◆ THE TASK ◆
The material below has pictures in it. Set down only the lines from the line containing "Hama Bluetooth-Loudspeaker Tube" through the line containing "2011 Honda Cr-v", word for word, and leave the pictures behind.

◆ RECORDS TO USE ◆
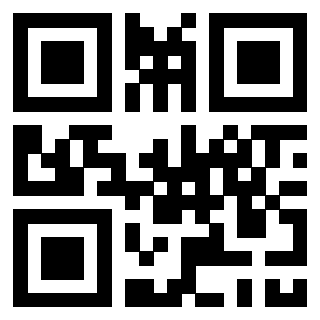 Scansione del Qr Code di 3307386703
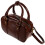 1Stk Zylinderform Khaki PU Praktisch Elegant 1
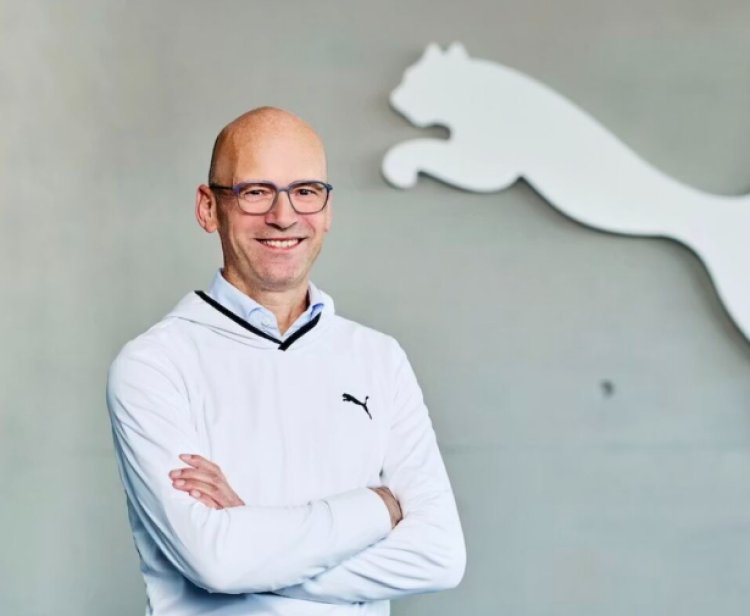 PUMA Appoints Former HUGO BOSS CEO Mark Langer as Chief Financial Officer
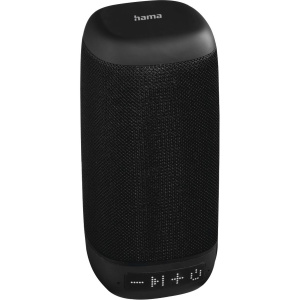 Hama Bluetooth-Loudspeaker Tube 3.0 3 Watt Black - Image 3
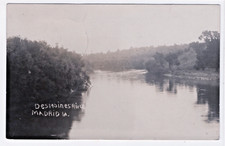 Madrid Iowa IA Des Moines River Boone County ...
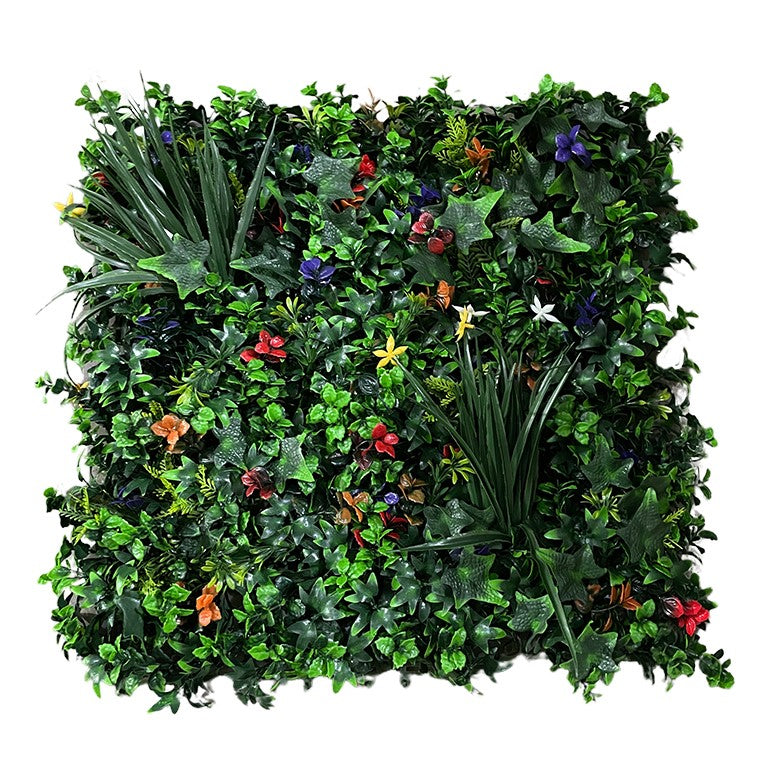 Color Blush Vertical Garden 50cmx50cm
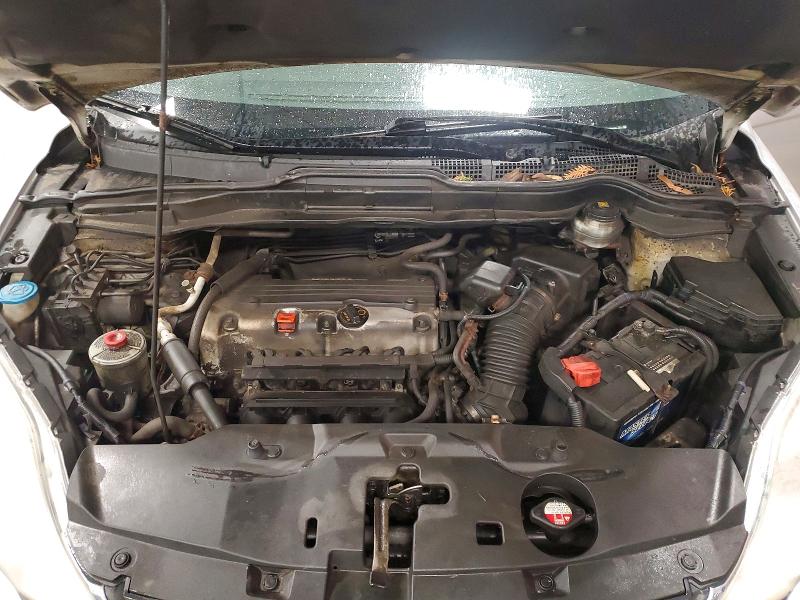 2011 Honda Cr-v მანქანა იყიდება აუქციონზე, vin: 5J6RE4H37BL006386, აუქციონის ნომერი: 49888396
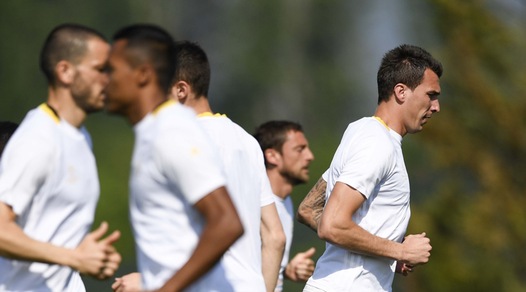 Juventus, che vigilia! Allenamento da Champions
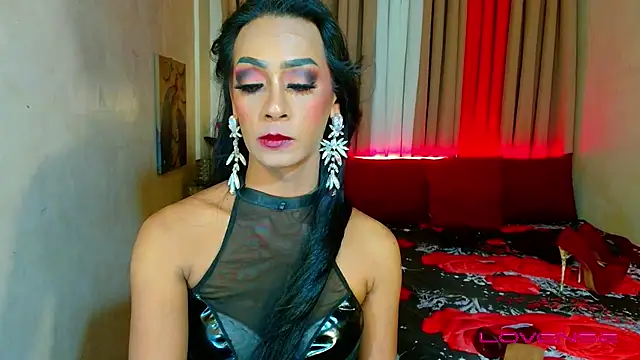 AubreyShemale webcam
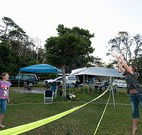 Flat Rock Tent Park - Brisbane Tourism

◆ RESPONSE ◆
 Hama Bluetooth-Loudspeaker Tube 3.0 3 Watt Black - Image 3
 Madrid Iowa IA Des Moines River Boone County ...
 Color Blush Vertical Garden 50cmx50cm
 2011 Honda Cr-v მანქანა იყიდება აუქციონზე, vin: 5J6RE4H37BL006386, აუქციონის ნომერი: 49888396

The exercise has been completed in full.